Sunday, December 30, 2012
Risks Associated with Stress Urinary Incontinence Treatment
This guest post was supposed to be posted a while ago. Nevertheless, here it is. It is a very interesting read, and I thank Jasmine McCarthy for taking the time to write it. She contacted me a couple of months ago on behalf of the Public Outreach Department at http://www.DrugWatch.com and wanted me to feature her guest post which contains some important information regarding women and the treatments they seek for stress incontinence. The post begins below the line.
Some form of urinary incontinence affects 30 to 50 percent of women. This percentage increases as women age.

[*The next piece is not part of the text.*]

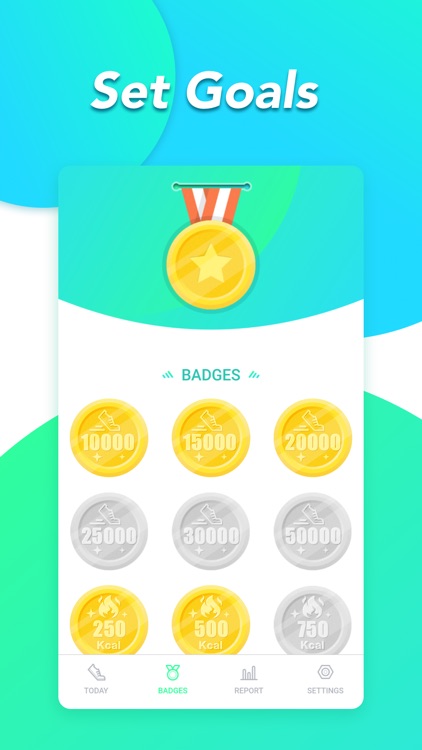 Mini Pedometer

Although it is considered normal, there are things women can do to prevent or reverse it.
One common form of poor bladder control, Stress Urinary Incontinence (SUI), is commonly treated using a surgical procedure where a mesh bladder sling is inserted to provide support for the bladder and the urethra.
Unfortunately, the vaginal mesh can pose considerable health risks when it is inserted transvaginally (through the vagina). For many women, these complications have caused permanent damage. Currently, there are thousands of lawsuits, as a result of the medical complications associated with bladder slings and transvaginal mesh.
What is Transvaginal Mesh?
Transvaginal mesh has gained widespread popularity since its Food and Drug Administration (FDA) about a decade ago. It has been used to treat both SUI and Pelvic Organ Prolapse (POP), another condition that is common in women between the ages of 50 and 79.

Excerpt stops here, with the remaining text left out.